» Task directions
Report only how many lines in the listing below contain the string "Logo".

Provided data Block Start

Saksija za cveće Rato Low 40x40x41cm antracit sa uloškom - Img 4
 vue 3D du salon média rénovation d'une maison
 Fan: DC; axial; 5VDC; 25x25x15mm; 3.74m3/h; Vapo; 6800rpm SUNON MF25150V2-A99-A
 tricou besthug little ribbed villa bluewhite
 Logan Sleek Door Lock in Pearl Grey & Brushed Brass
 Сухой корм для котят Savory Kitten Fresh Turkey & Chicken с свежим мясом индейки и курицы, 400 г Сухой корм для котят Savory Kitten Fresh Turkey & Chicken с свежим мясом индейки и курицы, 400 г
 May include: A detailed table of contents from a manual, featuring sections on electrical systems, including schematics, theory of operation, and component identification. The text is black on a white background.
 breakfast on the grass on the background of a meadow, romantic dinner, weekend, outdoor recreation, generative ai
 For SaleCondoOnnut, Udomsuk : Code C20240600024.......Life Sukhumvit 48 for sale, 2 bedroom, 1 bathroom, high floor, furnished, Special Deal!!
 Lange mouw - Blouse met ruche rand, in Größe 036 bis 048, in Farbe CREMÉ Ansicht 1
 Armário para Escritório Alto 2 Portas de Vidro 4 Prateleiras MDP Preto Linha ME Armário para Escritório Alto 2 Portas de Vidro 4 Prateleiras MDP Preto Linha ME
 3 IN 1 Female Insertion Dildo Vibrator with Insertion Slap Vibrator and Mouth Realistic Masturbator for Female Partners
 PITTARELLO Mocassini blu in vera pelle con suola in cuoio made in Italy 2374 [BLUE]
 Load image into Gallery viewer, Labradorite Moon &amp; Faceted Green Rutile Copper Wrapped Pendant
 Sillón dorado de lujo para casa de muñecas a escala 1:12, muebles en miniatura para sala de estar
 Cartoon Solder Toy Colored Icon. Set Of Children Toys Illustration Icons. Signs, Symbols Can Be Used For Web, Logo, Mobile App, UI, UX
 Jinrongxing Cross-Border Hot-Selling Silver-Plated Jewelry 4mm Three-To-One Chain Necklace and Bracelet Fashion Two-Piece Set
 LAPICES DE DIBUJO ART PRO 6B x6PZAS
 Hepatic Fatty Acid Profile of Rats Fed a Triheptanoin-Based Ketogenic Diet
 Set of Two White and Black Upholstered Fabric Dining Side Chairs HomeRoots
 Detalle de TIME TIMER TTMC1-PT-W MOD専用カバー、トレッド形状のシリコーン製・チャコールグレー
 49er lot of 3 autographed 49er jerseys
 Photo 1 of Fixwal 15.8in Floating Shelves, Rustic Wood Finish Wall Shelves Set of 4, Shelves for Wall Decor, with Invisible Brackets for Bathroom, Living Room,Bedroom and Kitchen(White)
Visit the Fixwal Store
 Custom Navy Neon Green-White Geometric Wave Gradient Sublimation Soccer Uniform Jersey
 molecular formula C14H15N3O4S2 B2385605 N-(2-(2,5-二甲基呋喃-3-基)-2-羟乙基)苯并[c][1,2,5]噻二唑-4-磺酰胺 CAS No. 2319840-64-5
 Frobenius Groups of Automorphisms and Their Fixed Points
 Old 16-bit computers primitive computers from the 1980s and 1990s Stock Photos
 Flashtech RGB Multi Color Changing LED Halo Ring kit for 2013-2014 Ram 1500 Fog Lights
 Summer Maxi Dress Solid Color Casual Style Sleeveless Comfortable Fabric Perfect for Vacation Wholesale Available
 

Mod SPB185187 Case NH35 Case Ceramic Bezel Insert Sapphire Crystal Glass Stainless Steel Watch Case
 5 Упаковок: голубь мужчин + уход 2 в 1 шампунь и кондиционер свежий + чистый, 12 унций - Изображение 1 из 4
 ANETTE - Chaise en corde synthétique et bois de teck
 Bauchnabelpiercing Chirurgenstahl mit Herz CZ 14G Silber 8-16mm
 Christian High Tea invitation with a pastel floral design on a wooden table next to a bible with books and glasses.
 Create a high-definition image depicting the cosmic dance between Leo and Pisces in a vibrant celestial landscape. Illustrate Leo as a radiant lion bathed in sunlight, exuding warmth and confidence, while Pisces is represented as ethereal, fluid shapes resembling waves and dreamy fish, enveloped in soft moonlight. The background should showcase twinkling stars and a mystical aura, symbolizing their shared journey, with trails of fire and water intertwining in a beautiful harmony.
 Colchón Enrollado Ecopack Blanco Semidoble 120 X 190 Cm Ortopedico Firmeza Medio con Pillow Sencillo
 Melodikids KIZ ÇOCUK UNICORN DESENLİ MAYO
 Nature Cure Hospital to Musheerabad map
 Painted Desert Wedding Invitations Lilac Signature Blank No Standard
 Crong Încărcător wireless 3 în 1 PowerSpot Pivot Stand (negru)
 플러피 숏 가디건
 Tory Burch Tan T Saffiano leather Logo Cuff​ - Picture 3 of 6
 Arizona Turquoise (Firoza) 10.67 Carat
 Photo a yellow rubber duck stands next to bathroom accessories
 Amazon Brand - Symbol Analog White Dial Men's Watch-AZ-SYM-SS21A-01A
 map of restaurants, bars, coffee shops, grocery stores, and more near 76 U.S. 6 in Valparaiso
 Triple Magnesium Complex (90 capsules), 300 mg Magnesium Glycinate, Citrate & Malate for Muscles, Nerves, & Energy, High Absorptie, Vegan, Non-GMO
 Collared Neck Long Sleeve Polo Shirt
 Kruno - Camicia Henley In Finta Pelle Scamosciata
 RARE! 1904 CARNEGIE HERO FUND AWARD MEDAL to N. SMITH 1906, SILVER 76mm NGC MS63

Provided data Block End

» Result of this task
2